So now we’re going to look at an example exercise where we perform cross-validation. And we’re actually going to be performing cross-validation to work out an optimal value for a hyperparameter. So what are hyperparameters? Well, hyperparameters are not parameters of the model. They’re parameters of the algorithm that generates the model. And examples that we have, are– just so far– are, for example, the order of a polynomial regression model, or the number of hidden nodes in a neural network. Since we’ve worked both with polynomial regression and with neural networks in these examples, we’ve actually been using hyperparameters. The question then is, obviously, how can we work out a good value for a hyperparameter?
How can we work out what order polynomial regression models should be, or how many hidden nodes a neural network should have. Well, the answer is that it all just comes down– well, the simplest way to do it is to simply build models with different values of the hyper parameter, and then perform model selection on the resulting models. So we’re going to do this. In this example, we’ll do it with polynomial regression. We’ll build a series of polynomial regression models of different orders. And then we will evaluate the performance of the models generated with different order polynomial regression on validation data to see which one performed best. OK, so this example is in cross-validation EX1.
Like always, we prepare the data.
We’ve just got a synthetic y versus x. We’re going to do a two-way split. Now this will give us training and test data. But of course, in this case, because we’re doing cross-validation, the training data will actually participate in the validation itself. How is that going to work? Well, we remember cross-validation essentially uses the training data and splits it up into subsets and proceeds to build a series of models using every subset bar one, and evaluating the performance of the model built on those particular subsets on the remaining hold out subset. And it would do this holding out each possible subset. Of course, you’ve gone over that in the article. So we don’t need to labour the point.
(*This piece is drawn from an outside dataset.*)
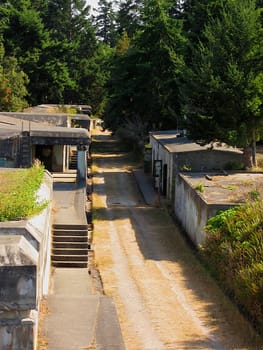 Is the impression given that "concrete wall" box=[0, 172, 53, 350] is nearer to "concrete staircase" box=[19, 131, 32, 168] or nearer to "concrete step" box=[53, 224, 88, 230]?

Let’s see how this works in this case. What we’re going to do is we’re going to build polynomial regression models of order three, four, five, and six. And we’ll use tenfold cross-validation to evaluate their performance. I’ve built this function here, this sapply function that will do that.
What it’s going to do is it’s going to split the training data up into 10 different subsets. And inside the loop or the implicit loop in the sapply function, it will proceed to build models for each set of subsets by a particular one. And based on those models, see how they perform in evaluating the holdout subset. You guys, of course, can attempt to replicate this to get some practise.
The result, once again, this is total squared error rather than mean squared error. This time it’s total squared error. And here we see the total squared error results for the four different models. Third order, up over 60 million. Fourth order, little over 50 million– 50.18 million. Fourth order, 50.20– sorry, fifth order, 50.20. And sixth order, 50.20. So the best model, the best ordered polynomial regression model, was clearly fourth order.
We wouldn’t normally actually look at the results. We’d automate it, allow the computer to examine the total squared error results and find the best model, which we do here. And now we’re going to create a model of that order using the whole training set and see how that performs on the test data. What I’m going to want to do is compare how it performs on the test data to how it performed on the validation data. So I’m just going to change the total squared error into a mean squared error.
And then also generate the mean squared error on the test data.
Now that it’s done, now that we have both the model’s performance on the test data and on the cross validated data, it would be possible to perform a statistical test to make sure that the model is not doing significantly worse on the test data than it was on the validation data. And in doing this, if we can confirm that that’s not happening, then this can allow us to be confident that we weren’t merely selecting that model based on luck in how well it performed on that particular validation data. Any rate, let’s see how our chosen model performs.
And I’ve actually also here generated, worked out the standard deviation of the residuals on the test data. And I’m going to use that to create some confidence intervals.
And there we are. Confidence intervals, exactly like we talked about in the article. I’m just doing the prediction, the regression curve, plus or minus two standard deviations, where the standard deviations were generated by the test data. Standard deviation of the residuals were found from the test data. So the black line is our regression curve. The red lines are our confidence intervals at two standard deviations.